* **WHAT IS EXPECTED**:
From the line containing "China Precision Digital" down to the final line of the entries below, return each line exactly and drop the pictures.

┌──

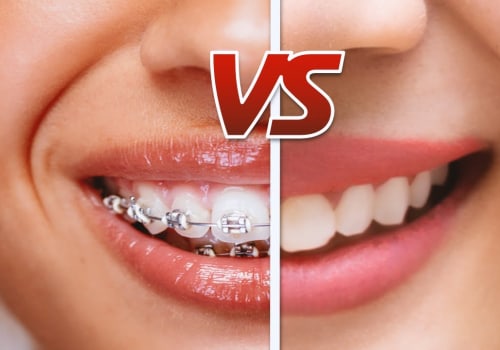 How Much Does Teeth Straightening Cost? A Comprehensive Guide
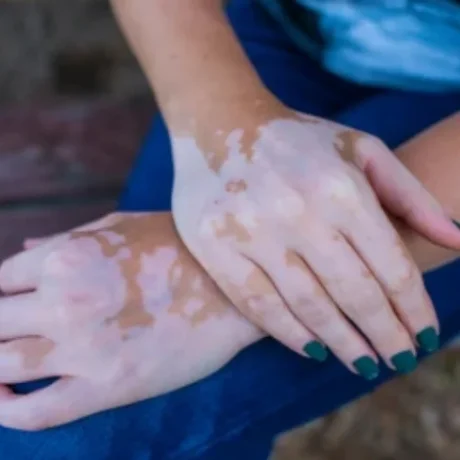 Vitiligo Surgery------0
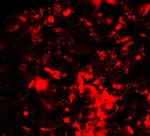 RNF8 Polyclonal Antibody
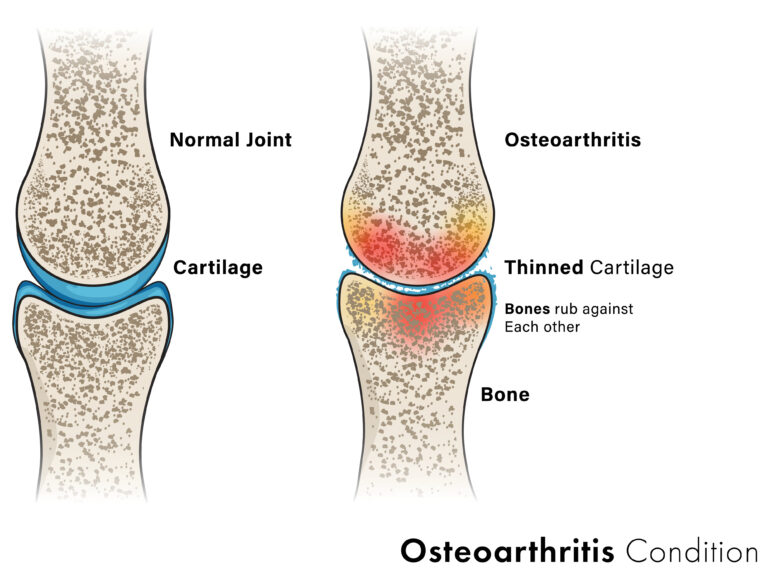 Issue #65: Don’t let sarcopenia and joint degradation ruin your golden years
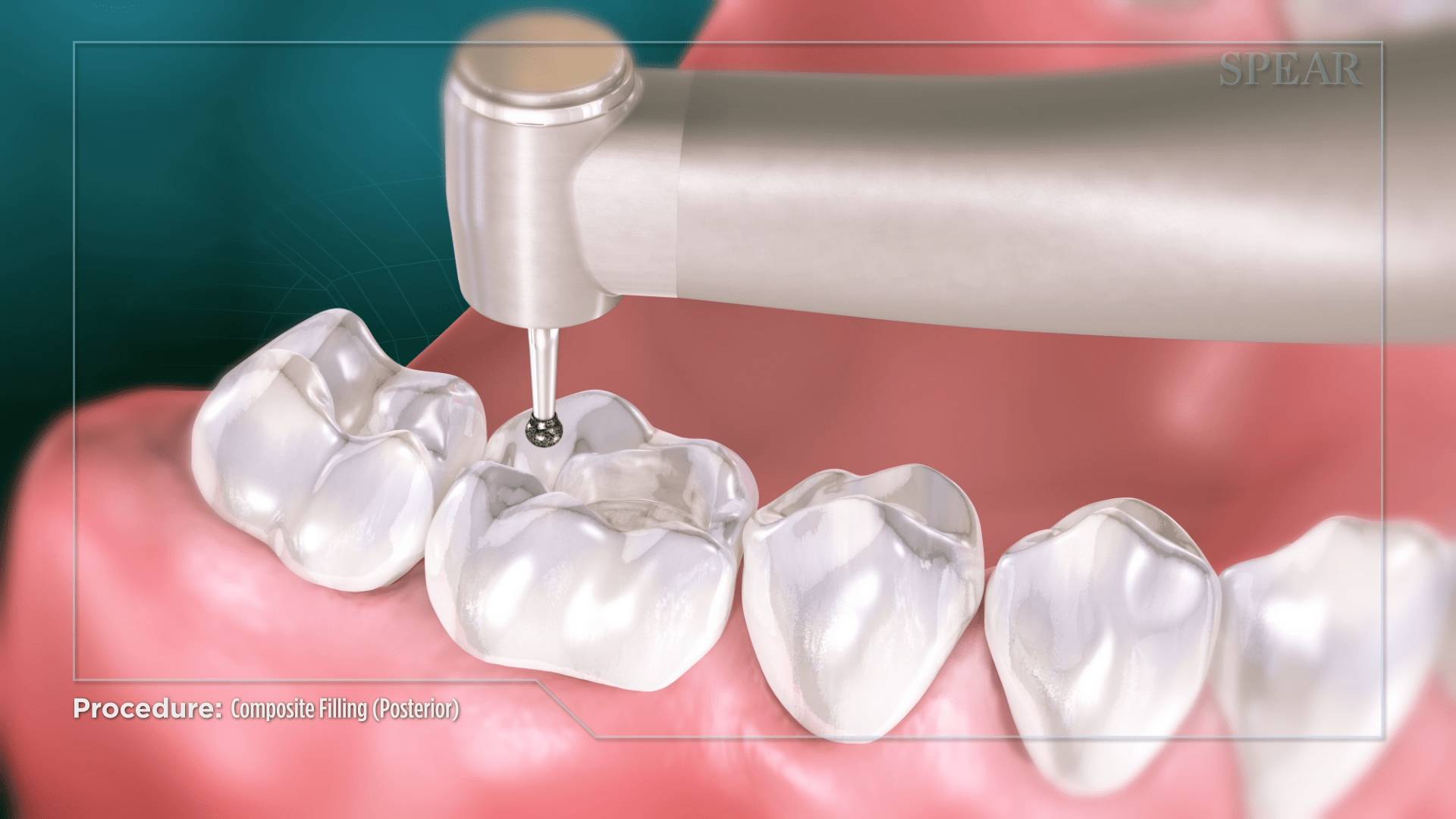Decayed Portion Removal at SmileMore Dental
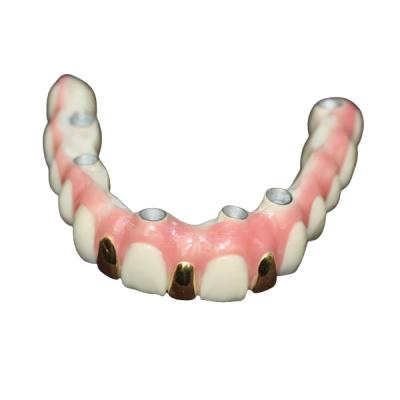 China Precision Digital 3D Printing Dental Implant Bar Metal Based for sale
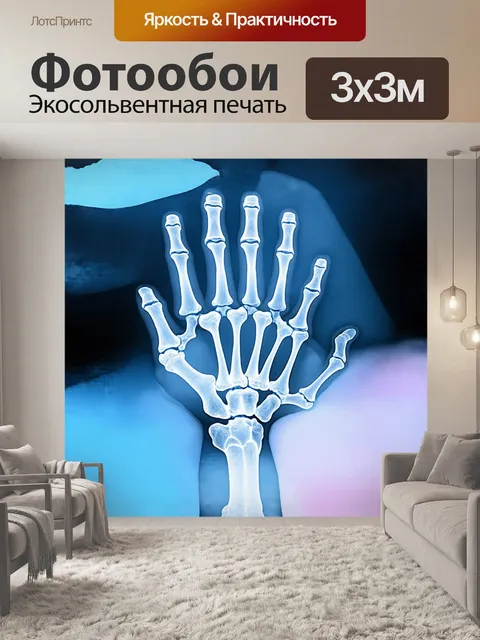 Фотообои рентгеновский снимок руки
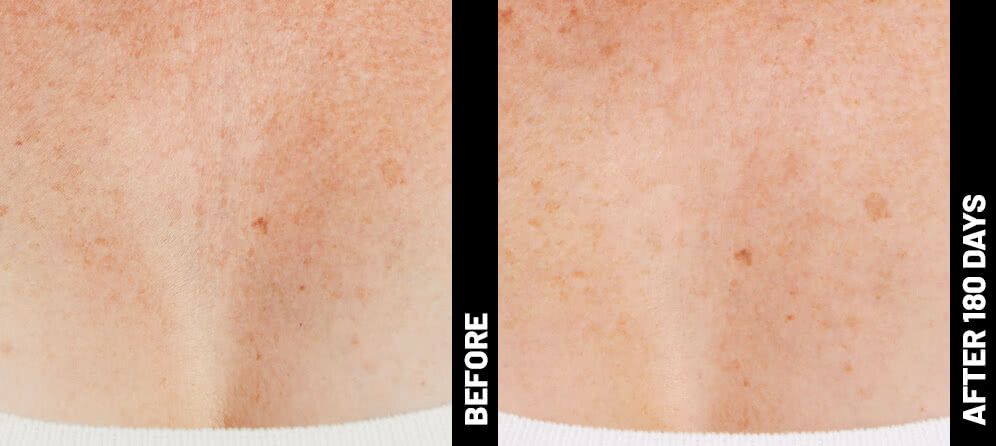ultrasound skin tightening - decolletage - before and after photos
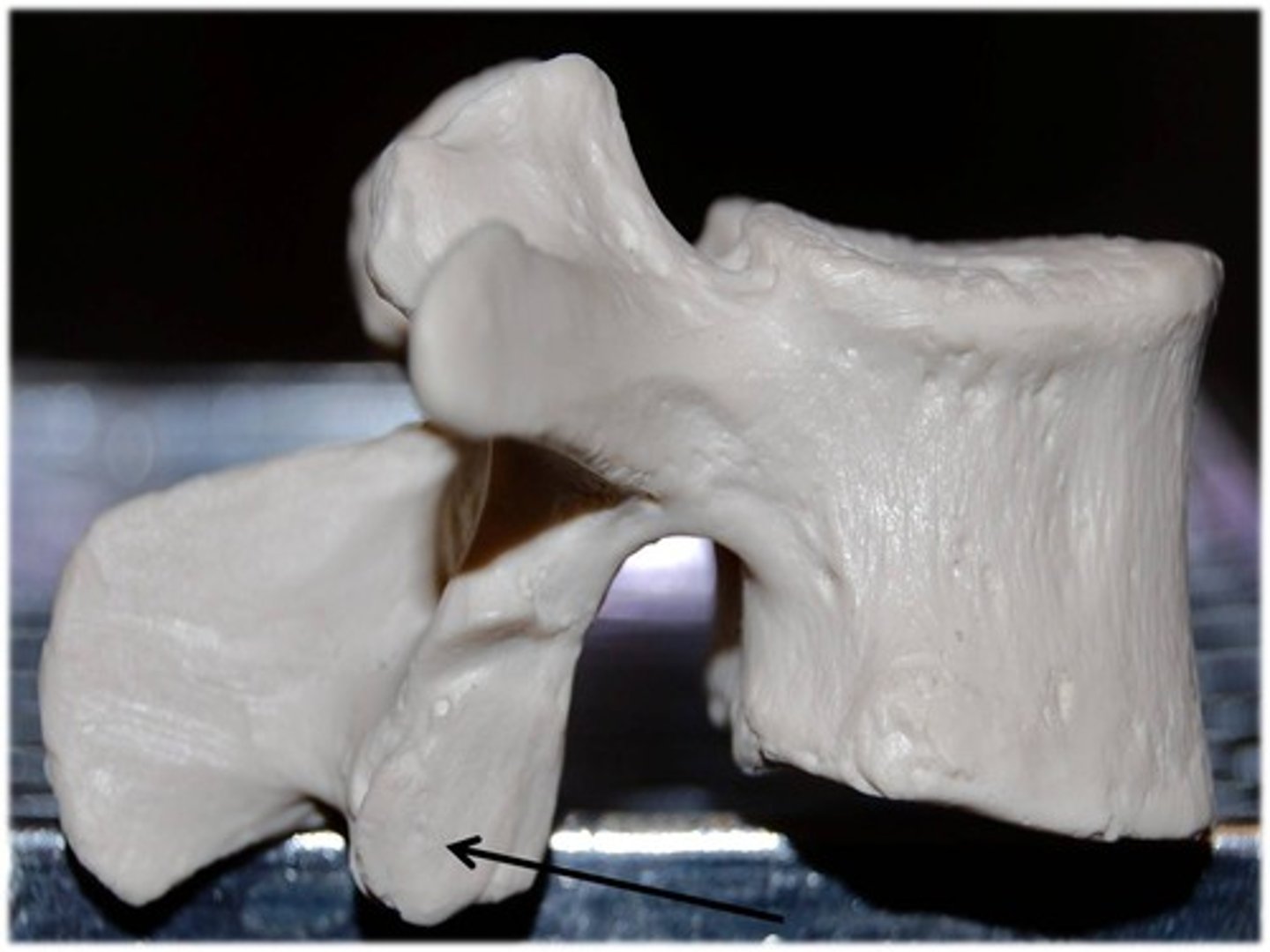 <p>allows vertebra to form joints with adjacent vertebrae; inferior part</p>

└──

* **RESULT OF THE EXERCISE**:
 China Precision Digital 3D Printing Dental Implant Bar Metal Based for sale
 Фотообои рентгеновский снимок руки
ultrasound skin tightening - decolletage - before and after photos
 <p>allows vertebra to form joints with adjacent vertebrae; inferior part</p>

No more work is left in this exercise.